President Clinton and school reform

Peter Schrag

April 08, 1993|By Peter Schrag

EVEN before his election, Bill Clinton was saying that the focus of his administration's education policy would be on the two ends of the spectrum: very young children, on the one hand, particularly in such things as the expansion of Head Start; and the transition, on the other, from high school to work, with focus on the development of more effective German-model apprenticeship programs for those not going to college.

But the most revealing element in the Clinton program -- and potentially the most influential -- will be the attempt to develop national education standards and the assessment program that goes with it. And in searching for such a policy, the administration will be buffeted by two very contradictory forces. How it responds to those forces will tell a great deal about how tough and committed Mr. Clinton is to serious educational reform and to the high-skill work force that he hopes will come with it.

One of the forces at play seeks the development of criteria that would move the country toward what Albert Shanker, the president of the American Federation of Teachers, calls world-class academic standards -- meaning criteria in student achievement in math, science, literature, history and foreign languages that approach those of Western Europe, Japan and Taiwan. The other is the force demanding "equity" of treatment and, at the extreme, of outcome -- meaning that where different ethnic groups achieve at different levels, the standards or the tests would for that reason alone be regarded as unfair and inappropriate.

The two principles are already in conflict within the Department of Education, where Undersecretary Marshall "Mike" Smith, on leave from his post as dean of the School of Education at Stanford, is drafting a "Goals 2000: Educate America Act." And they will certainly be in conflict when the administration submits its legislation to a House Education and Labor Committee dominated by old-line liberals with no agenda other than delivering more money to their constituencies.

The legislation Mr. Smith is drafting covers a wide range of issues (all under the heading "systemic reform"), from the restructuring of existing federal programs like Chapter I, which is designed to help economically disadvantaged children (but often fails) to the setting of national goals. But it's in how the administration handles the certain clash between what the act's language describes as ensuring "equitable educational opportunities" and pursuing "high levels of educational achievement for all American students" that the test will come.

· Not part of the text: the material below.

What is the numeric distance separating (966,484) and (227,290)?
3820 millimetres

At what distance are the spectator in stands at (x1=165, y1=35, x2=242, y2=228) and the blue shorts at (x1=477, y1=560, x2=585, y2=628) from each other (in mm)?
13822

What's most troubling about the draft bill is its call for every state to establish "opportunity-to-learn standards." Those standards are supposed to ensure that schools have resources and staffs adequate to the task of providing the programs that will enable students to meet the upgraded academic criteria and pass the tests that the national goals call for.

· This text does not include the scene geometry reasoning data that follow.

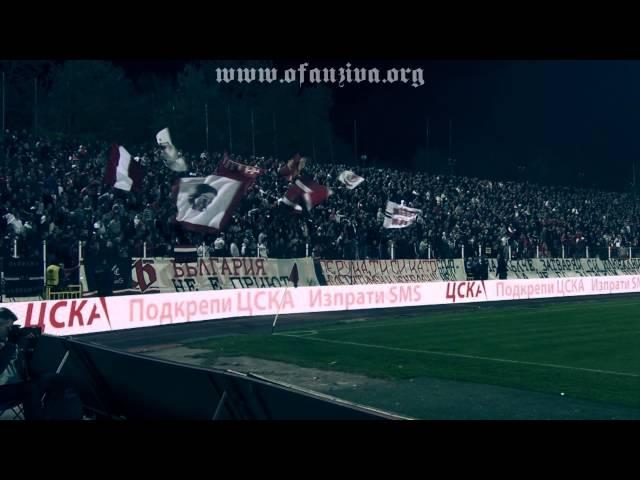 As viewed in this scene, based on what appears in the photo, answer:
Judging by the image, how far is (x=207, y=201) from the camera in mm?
24766

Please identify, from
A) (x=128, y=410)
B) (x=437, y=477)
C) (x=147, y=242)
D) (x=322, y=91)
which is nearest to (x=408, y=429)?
(x=437, y=477)

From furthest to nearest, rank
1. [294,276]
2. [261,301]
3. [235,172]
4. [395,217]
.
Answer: [395,217], [294,276], [261,301], [235,172]

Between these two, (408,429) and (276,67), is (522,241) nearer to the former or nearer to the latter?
(408,429)

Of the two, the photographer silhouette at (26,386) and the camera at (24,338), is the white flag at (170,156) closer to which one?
the camera at (24,338)

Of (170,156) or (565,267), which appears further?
(565,267)

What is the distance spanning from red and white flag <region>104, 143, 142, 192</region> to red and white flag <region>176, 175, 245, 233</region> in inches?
57.5

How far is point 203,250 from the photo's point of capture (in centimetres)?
2941

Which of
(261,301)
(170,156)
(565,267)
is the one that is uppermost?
(170,156)

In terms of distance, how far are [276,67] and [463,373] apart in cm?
7074

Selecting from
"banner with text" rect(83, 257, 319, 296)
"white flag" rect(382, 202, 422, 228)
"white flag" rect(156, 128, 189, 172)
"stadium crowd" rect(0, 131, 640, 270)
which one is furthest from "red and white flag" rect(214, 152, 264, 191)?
"white flag" rect(382, 202, 422, 228)

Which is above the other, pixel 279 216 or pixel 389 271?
pixel 279 216

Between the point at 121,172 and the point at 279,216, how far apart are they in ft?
32.2

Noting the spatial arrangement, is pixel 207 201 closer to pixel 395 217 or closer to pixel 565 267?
pixel 395 217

That may seem reasonable, but "opportunity to learn" can become an endless source of litigation, and an endless set of excuses for students who don't make the grade: "The reason I failed to make the goals or pass the test is that there weren't enough books, the classes were too large, and the teachers were not good enough." Or, "the program wasn't tailored to my particular set of intellectual, social or physical handicaps." If tougher standards come to nothing but another fight over resources, forget it.

And then there is the question of whether there should be one or multiple academic standards for every grade and subject. As Mr. Shanker points out, if there is one standard for all students, it's likely to be something like California's "minimum competency" -- a minimal demand that almost everyone can meet and that will be no challenge even for average students.

What might make much more sense would be a set of differentiated standards for different students that will force all to stretch and improve to levels, one hopes, that will eventually be comparable with those attained in other nations. That probably means some form of tracking, but as Shanker says, everybody is tracked now, even if it's only in the teacher's mind. But there is also a danger that in multiple standards there may be no standard at all.

Bill Clinton, as governor of Arkansas, and Richard Riley, as RTC governor of South Carolina, were both among the nation's leaders in trying to upgrade academic standards during the 1980s. The question now is whether the administration, in its eagerness to cater to its liberal constituencies, will give too much away for "equity" and "diversity."

That would be easy, and in view of Mr. Riley's recent endorsement of race-based scholarships, much too likely. But if higher national standards along with effective assessments are not put in place in the next four years, all of Mr. Clinton's talk about improving this country's intellectual firepower may remain only that.

Peter Schrag is a columnist for McClatchy News Service.